Pablo y yo nos conocimos hace poco y los dos estamos deprimidos. Yo estoy deprimida porque no tengo visa y no se dónde dormiré el próximo mes. Pablo está deprimido porque su negocio de marihuana es muy pequeño y además le preocupa que la policía lo capture.

            Su nombre real no es Pablo.

            Mis papás se rompieron el culo para pagarme educación en una Ivy League en Nueva York. Mi J1 está por expirar pronto y si no logro una extensión, me toca devolverme para Colombia. Pablo también es de Colombia, pero no es por eso que vende drogas. Él vende porque está andando con gente que no debe y sobre todo porque le gusta la plata fácil.

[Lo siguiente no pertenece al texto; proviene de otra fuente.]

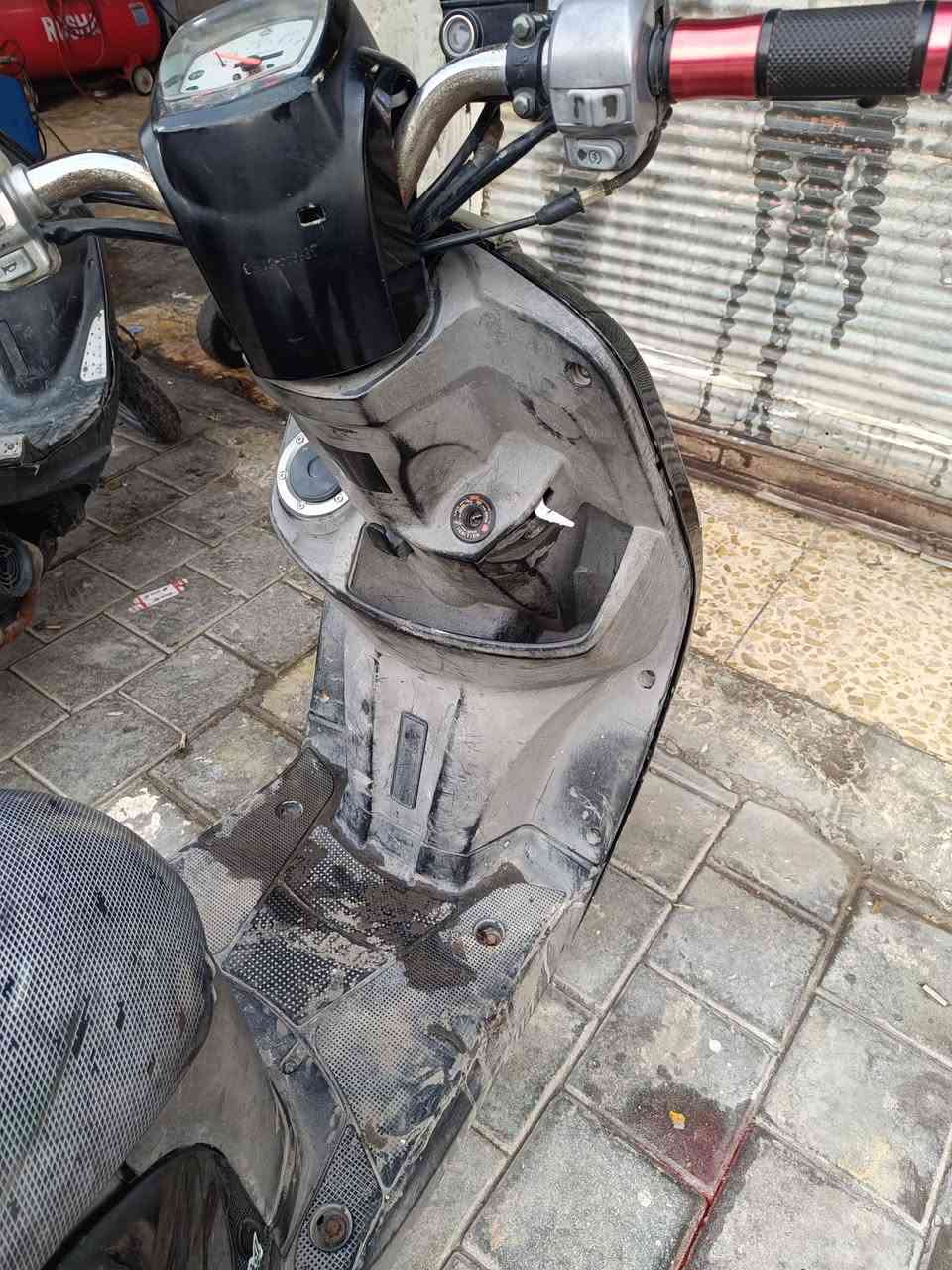 جاهزه كلشي مابي كلها شغاله السعر 425 وبي مجال بسيط متواجد خاص مكاني بغداد مدينه صدر 
أبو 325 لاتدخل خاص


**إذا كنت صاحب هذا الإعلان وتريد حذفه لأي سبب، رجاءا أرسل رسالة إلى الدعم الفني**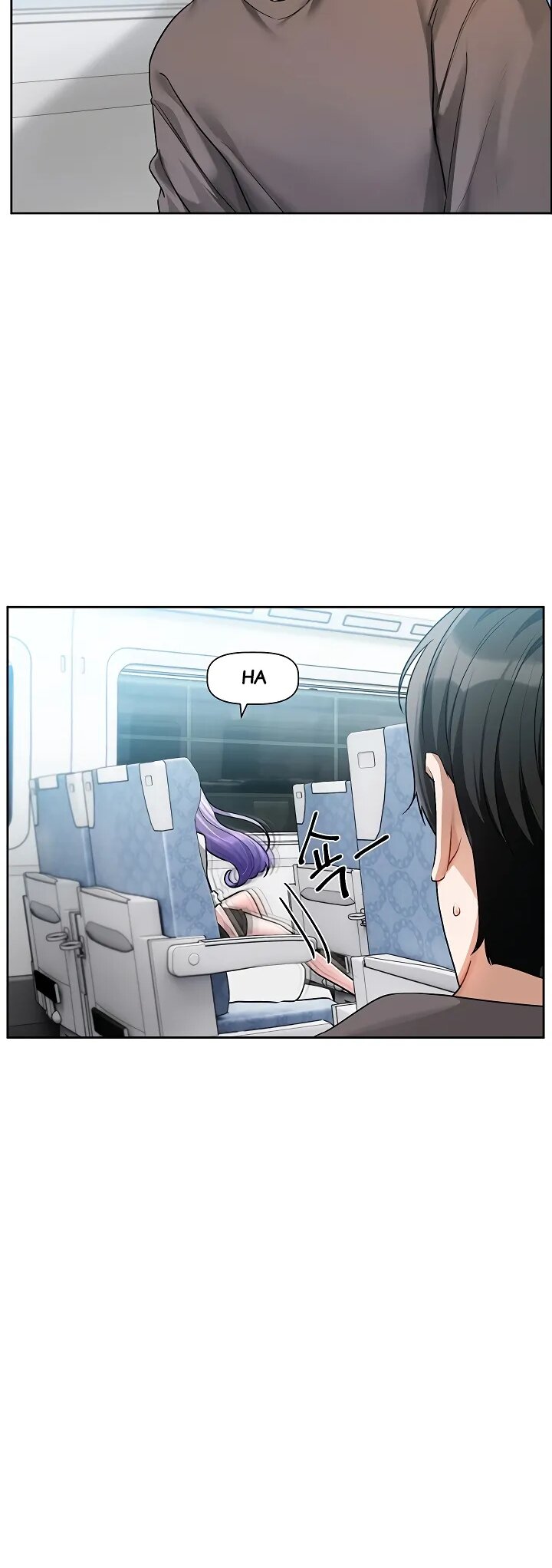 Nhiệm Vụ Tình Yêu - Chap 8 - 21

            También le gusta conocer gente nueva todas las semanas. De hecho, así fue como nos conocimos.

            ¿Fumas?, me preguntó durante una fiesta en una casa en Bushwick.

            Ahora sí, respondí quitándole el cigarrillo de las manos.

            Yo no sabía fumar marihuana. La carga de la violencia de mi país. La carga del colegio católico. La carga de la religión impuesta en mi casa.

            Pablo interrumpe mis pensamientos.

            Así no es como se fuma, tienes que retener el humo hasta que llegue a la garganta y te queme un poquito, dijo.

            Pensé en la promesa que les hice a mis papás de no fumar, pero el recuerdo no dura mucho. El dolor en mi garganta sí.

            Pablo y yo empezamos a salir casi todos los días. Él trabaja de noche vendiendo marihuana y yo me la paso pensando en qué pasaría si no llega la visa, en casa, en no tener un país. Pienso en cómo no parece haber fin para todo esto. Yo no duermo y Pablo tampoco. Él teme ser atrapado.

            Por eso me va tan mal en esta mierda. Estoy asustado.

            Yo también.

            Tú no haces un culo. Deberías venir conmigo mañana.

            Al día siguiente fuimos a vender marihuana. Hablamos con los clientes, fumamos con algunos de ellos y comemos pollo frito con una pareja.

            Cuando Pablo fuma se vuelve más dulce. Me besa la frente.

            No deberías hacer esto, preferiría que no hicieras nada.

            Estoy asustada, digo mientras siento que la tierra se abre bajo mis pies. Escucho la voz de mi mamá: vente para la casa, te estás volviendo loca. Escucho la voz de mi psicóloga: ¿estás durmiendo?

            La única voz que me importa es la de Pablo.

            Entiendo que estés asustada, dice. Me aprieta la mano y noto que está ansioso. ¿Podría estar así por la posibilidad de perderme?

            Pablo, ¿cómo te llamas?, le pregunto.

            Al día siguiente atrapan a Pablo. Me llama desde la cárcel, me dice que me extraña. No se queda en la cárcel mucho tiempo. Resulta que los papás de Pablo tienen mucha plata.

            Días después viene a mi casa en Bushwick y nos besamos. Me besa la espalda, los brazos, la frente y el pecho. Me dice que me ama en su acento paisa.

            Pablo enciende un porro y fumamos acostamos en mi cama.       

            ¿Pablo?, lo llamo. No responde.

            ¿Pablo? Otra vez.

            A ambos nos asusta la vida. Estamos en Nueva York, él con un negocio de hierba y yo sin una visa. Cuando toma mi mano la tierra parece juntarse de nuevo bajo mis pies. Dice que irá a la universidad, esta vez de verdad, y yo guardo silencio porque no tengo un plan.

            Pablo, Pablo, no te duermas. Pero se duerme igual.

            Y creo entonces que Pablo y yo no tenemos un país, pero tenemos algo juntos. Sus ronquidos cesan y todo lo que puedo oír en la habitación es el silencio. Otra vez siento cómo se abre la tierra y me traga, pero esta vez no tengo miedo.

            Sostengo la mano de Pablo, no me importa despertarlo. Siento la calidez de la tierra y el barro. Aprieto más fuerte y me preparo para seguir el camino que tengo por delante.

            Pablo despierta y me dice que duerma, pero no puedo cerrar los ojos. En esa habitación tragada por la tierra, todo lo que puedo sentir y ver es la luz.

            La hijueputa luz del amor.